Poprawiony projekt rozporządzenia ministra sprawiedliwości z podwyżkami dla tłumaczy przysięgłych jest gotowy do podpisu. Cel? Podwyższenie kwot wynagrodzenia tłumaczy przysięgłych o prawie drugie tyle.
Dzisiaj stawki za tłumaczenia wynoszą: 20–24 zł za stronę przekładu na język polski oraz 23–35 zł za stronę tłumaczenia na język obcy. Po zmianie za stronę tłumaczenia z języka angielskiego, niemieckiego, francuskiego i rosyjskiego płacić się będzie 34,50 zł. Z innego języka europejskiego i łacińskiego 37,16 zł, a z języka pozaeuropejskiego posługującego się alfabetem łacińskim 45,11 zł. Tyle samo dostanie tłumacz za stronę tłumaczenia z języka polskiego na angielski, niemiecki, francuski i rosyjski. Najdrożej wyceniono tłumaczenie strony z języka polskiego na pozaeuropejski posługujący się alfabetem niełacińskim lub ideogramami – 74,31 zł.

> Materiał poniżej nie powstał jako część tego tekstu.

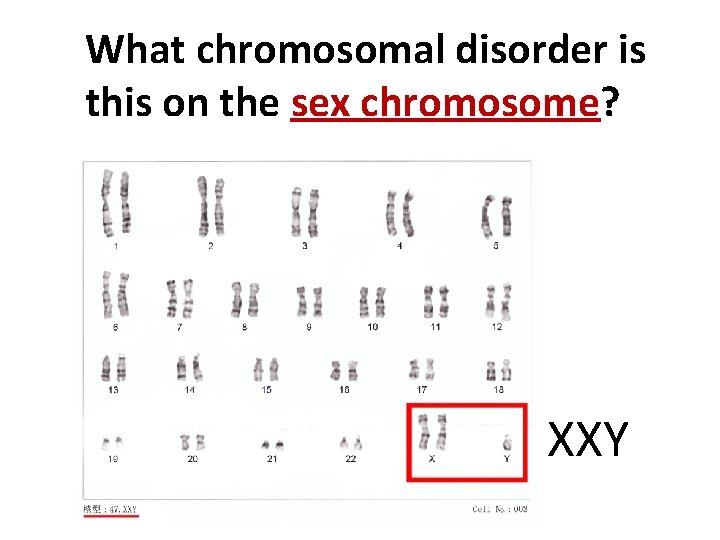 What chromosomal disorder is this on the sex chromosome? XXY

Czytaj także: Podwyżki dla tłumaczy sądowych obiecuje ministerstwo sprawiedliwości
Droższe będą tłumaczenia ustne za każdą rozpoczętą godzinę obecności tłumacza. Ma obowiązywać stawka jak za stronę tłumaczenia powiększona o 30 proc., a w postępowaniu przyspieszonym o 100 proc. W projektowanym rozporządzeniu proponuje się także wprowadzenie dodatku za tłumaczenie ustne w porze nocnej, w niedziele i święto. Obecnie stawki wynagrodzenia są jednolite bez względu na dzień i porę tłumaczenia. Wynagrodzenie za tłumaczenie ustne w tych okolicznościach będzie powiększone o 20 proc.

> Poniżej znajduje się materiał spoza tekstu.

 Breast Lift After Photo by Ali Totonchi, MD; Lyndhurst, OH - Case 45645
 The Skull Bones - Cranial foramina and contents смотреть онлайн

Chociaż tłumaczy jest ok. 10 tys., to tylko część z nich świadczy usługi na rzecz wymiaru sprawiedliwości. Problemu nie ma, gdy chodzi o języki popularne, np. angielski czy niemiecki. Gorzej jest z chińskim czy arabskim. Do tłumaczeń nie zachęcają nieterminowe płatności i ich wysokość.